Il te faut fuir désormais, quitter ta posture pétrifiée d'eau et d'appréhension, secouer ton échine glacée pour traverser la rue qui te sépare de l'enceinte maudite, des vitres muettes que n'éclaire aucune lumière à l'exception de rares plafonniers dont on distingue les courbes découpées par les damiers creux des fenêtres ; négligeant le portail principal, cette herse close aux trouées obscures, tu te faufiles jusqu'à l'entrée de service, moins surveillée puisque plus modeste, où il t'est possible d'escalader le muret grâce à la mince saillie de certaines briques. Tu sautes à terre, le cœur déjà près d'exploser tant il te semble que le moindre mouvement te trahit – mais seul le bruit de l'herbe inondée critique ta réception malhabile et tu te précipites aussitôt en rase-motte vers l'arrière du bâtiment, à demi-accroupi, à l'instar d'un nuisible traqué par de sombres dogues. Là, tu remarques un minuscule perron guidant jusqu'à une porte tout aussi petite, aux lattes inégales et à la peinture défraîchie – d'un rouge nocturne – une légère embrasure jaunie en guise de tranche – ouverte. Nulle agitation ne te parvient depuis ton poste d'observation ; est-ce dû à la négligence d'un domestique sorti fumer durant sa pause et qu'une semonce aurait contraint à rentrer précipitamment, ou bien une aubaine impromptue qui soudain t'autorise à te risquer à en gravir les trois quarts de marches ? Tu jettes un œil, puis l'autre, à l'intérieur : du sol au plafond, d'une paroi à l'autre, tes sclères roulent sans s'arrêter sur la moindre silhouette vivante, et la lueur que tu aperçois n'est que l'agonie d'un poêle laissé pour mort.

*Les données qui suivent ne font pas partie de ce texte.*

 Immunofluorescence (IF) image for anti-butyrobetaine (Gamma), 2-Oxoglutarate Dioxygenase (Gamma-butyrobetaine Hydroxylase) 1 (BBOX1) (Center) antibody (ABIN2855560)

Tu t'introduis dans la pièce.
Les pulsations de ton myocarde font un vacarme monstrueux. Il vocifère si puissamment que tu aimerais le balancer au fond d'un puits le temps d'achever ta mission et ne le récupérer qu'une fois assuré de ne pas finir en brochettes. Dans le local, tu discernes sous le voile de pénombre un alignement d'ustensiles, quelque vêtements suspendus à des crochets de bois – plusieurs sont dénudés – un meuble bas où traînent deux assiettes à dessert dans lesquelles ramollissent une boulette informe et une mandarine éventrée – tu ne les mangeras même pas sous la torture, et deux trois paires de chaussures ornées de nœuds ou de fanfreluches. Féminines, à n'en pas douter.
Et maintenant ?

Il n'est pas nécessaire de tergiverser un millénaire pour orienter tes recherches vers les étages supérieurs ; hormis la cave, qui constituerait une planque adéquate où enfermer une progéniture embarrassante, les recoins les plus excentrés du hall sont d'ordinaire utilisés pour y dissimuler ce genre de gêne – or si tu évinces d'emblée le sous-sol, c'est que tu ne crois pas le père de Seiko si négligent. Elle est certes sa honte, sa faute et son dégoût, mais elle est de surcroît son héritière, son reflet fêlé et son rossignol meurtri. Et s'il l'expose parfois à la manière d'un bibelot précieux qu'il est seul à pouvoir briser, c'est qu'elle possède une importance qui la préserve de l'oubli. Une vérité peu enviable, dont la brusque réminiscence nourrit ta haine. Tu t'évades en direction des escaliers.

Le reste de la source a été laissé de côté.